During this presidential election year, as Republicans seek to oust President Barack Obama from the White House, Americans are getting a chilling blast from the past. The right to vote, which sets the United States apart from many other nations worldwide, is under attack like it has not been in nearly 50 years.
Using the ruse of wanting to assure that everyone who votes is eligible to vote, several state legislatures controlled by Republicans are introducing strict voter identification laws requiring the show of a photo. This requirement may seem innocuous, but its purpose is to suppress voting among racial and ethnic minorities, especially Hispanics and blacks, and other groups who tend to vote Democratic.
It is voter suppression redux.
Having come of age during the 1960s in the South, I am familiar with the relationship between voting and disenfranchisement. I knew that the right to vote, along with actually casting a ballot, was essential to full citizenship.
In 1963, during the height of the voting rights movement, Donald R. Matthews and James W. Prothro, professors at the University of North Carolina, wrote a prescient assessment of blacks and the vote in an article for the American Political Science Review: "The vote is widely considered the Southern Negro's most important weapon in his struggle for full citizenship and social and economic equality. It is argued that 'political rights pave the way for all others.' Once Negroes in the South vote in substantial numbers, white politicians will prove responsive to the desires of the Negro community. Also, federal action on voting will be met with less resistance from the white South — and Southerners in Congress — than action involving schools, jobs, or housing."
As a child, I did not know any blacks who voted. We could not vote. I recognized an ugly irony up close: Several of my relatives who had served as Marines and soldiers during World War II and the Korean conflict could not vote after returning to U.S. soil. They were not alone. More than 500,000 blacks fought, and many died, as members of racially segregated units during World War II. More than 600,000 served during the Korean conflict. Many died.
To keep blacks out of voting booths back then, whites used practices that included poll taxes, proof of residency, physical intimidation and even murder. The most effective tool, though, was the literacy test.
In 1964, during my first college summer break, I joined the Southern Christian Leadership Conference and traveled throughout the South with fellow students as a volunteer for the federally endorsed Voter Education Project.

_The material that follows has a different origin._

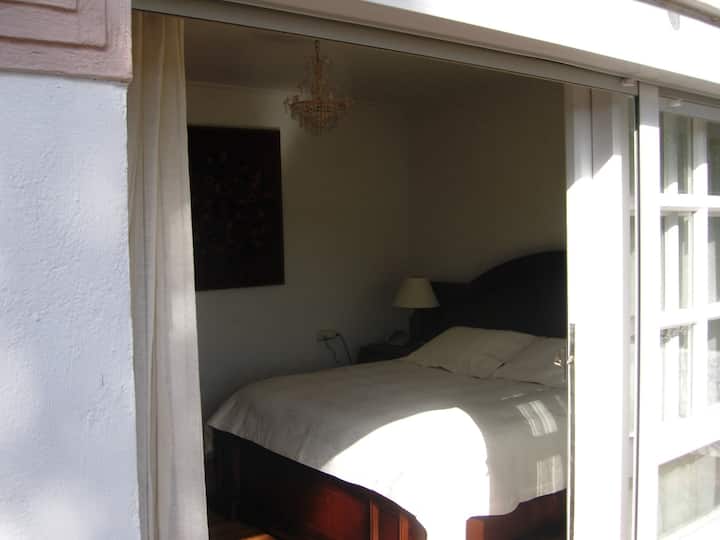 chumba cha dormitorio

Our job was to help register black voters. We had our clients memorize as much of their state constitutions as they could. We would drive the brave ones downtown where white registrars would ask constitution-related questions. Even many highly educated white citizens could not answer these questions. Of course, whites did not have to take the tests. Even after quoting entire sections of the constitutions verbatim, most blacks were deemed illiterate and were rejected.
But that was the easy part. Many blacks who tried to register were fired, evicted from their homes and forced off land they sharecropped. We students faced intimidation from mobs, public officials and law enforcement. We were arrested and beaten. Many of our offices were burned. A few times, we were shot at.
In some towns, we were warned to be outside the city limits by sundown. These places were appropriately named "sundown towns." In one Mississippi town, a sign read: "NIGGERS! Don't Let the Sun Set on Your Behinds in This Town." Being smart college kids, we were gone long before sunset.
My scariest experience came in Alabama, when a sheriff's deputy and a mob raided the tables we had set under a magnolia tree on an all-black college campus. The deputy massaged his holstered pistol as he cursed and hurled epithets. Every man in the mob carried either a baseball bat or an ax handle.
The mob battered our tables and chairs and ripped up our documents. Our leader was clubbed to the ground when he protested. We put him in the bed of our pickup and drove to a black church where we hid until the next morning.
Our next stop was Selma.
I was a changed young man after returning to college that fall. I had learned that the vote was a right brave people would die for. I learned, too, that taking away the vote is the most effective way to disenfranchise entire groups.